Summary
Purpose
The purposes of this study were to determine the optimal portal location, limb position
and instrumentation for arthroscopic assisted biceps tenotomy as an alternative to
open tendon transection and humeral tenodesis and to evaluate anatomical location
and support of the tendon following transection.
Methods
Eight canine cadaver shoulder joints underwent arthroscopic visualization of bicipital
tendon length via cranio-lateral and caudo-lateral camera portals in a variety of
thoracic limb positions to determine maximal tendon length visualization by anatomical
marking. Comparison of tenotomy time and ease was compared between radio frequency
microscalpel, blade and arthroscopic shaver.
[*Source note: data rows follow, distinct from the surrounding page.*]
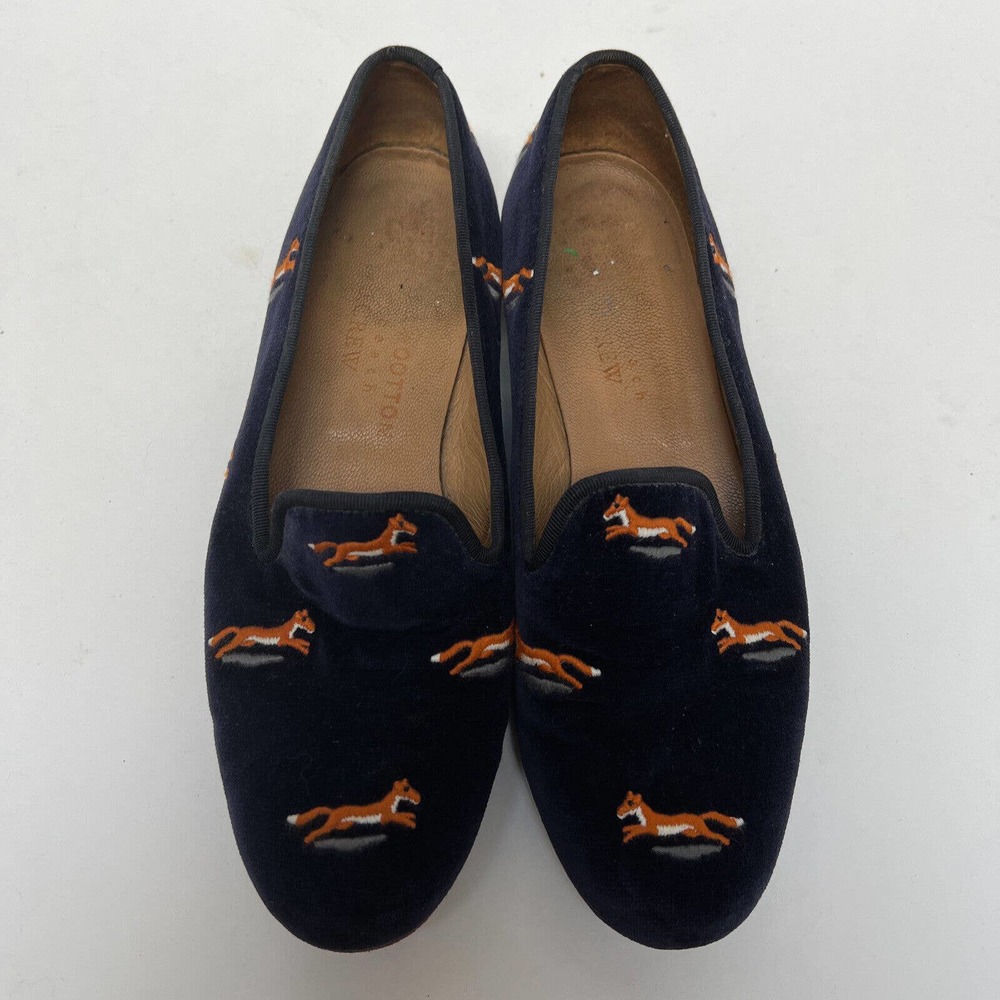 STUBBS & WOOTTON X for J CREW navy velvet Fox slippers 8.5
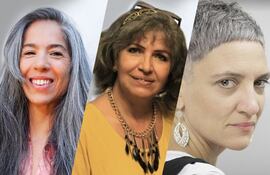 Tres canosas paraguayas que lucen su pelo al natural y con toda la onda: Guadalupe Quiñones, Ana María de Brix y Vivi Marín.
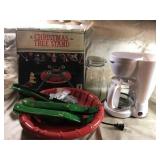 NEW COFFEE MAKER IN BOX, GLASS JAR, TREE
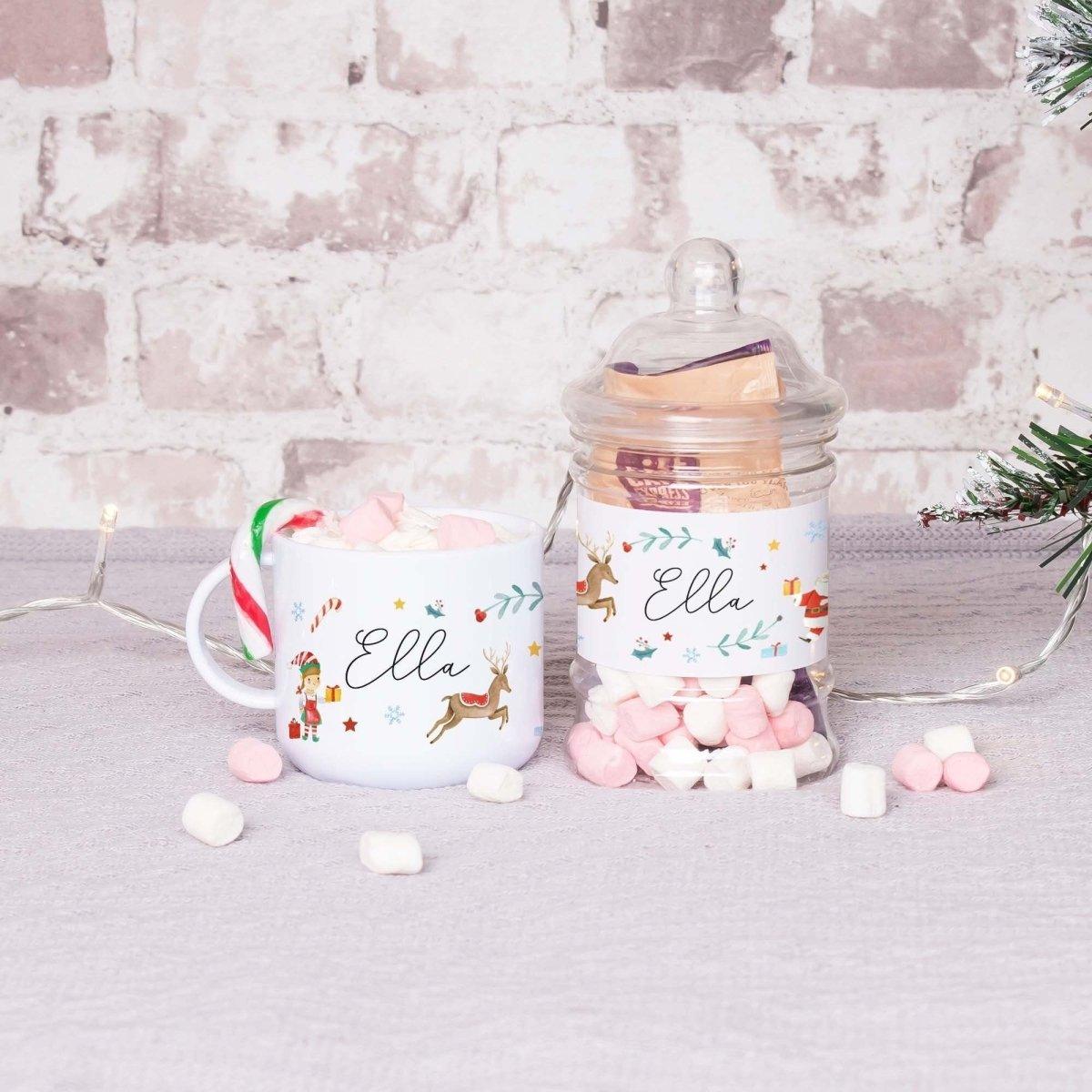Personalised Christmas Elf Mug, Child Elf Hot Chocolate Set, Kids Elf Xmas Mug Hot Choc Set, Christmas Eve Elf Mug Set, Stocking Filler, Box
Gross anatomical dissection was performed
post-tenotomy to record tendon lengths, locations and supporting structures.
Results
The cranio-lateral camera port in conjunction with combined moderate shoulder and
elbow flexion optimized tendon visualization, accessible length, and instrumentation
ease. Visualized tendon length varied from 39-76% of total tendon length. Tenotomy
times were lowest via blade and were unable to be performed with the shaver. After
tenotomy the distal tendon segment remained loosely tethered within the in- tertubercular
groove at the level of the intertubercular ligament by tendon sheath and capsular
attachments.
Discussion
Biceps tenotomy is readily performed with standard arthroscopic equipment. Appropriate
limb positioning and modification of previously described portals allows maximal access.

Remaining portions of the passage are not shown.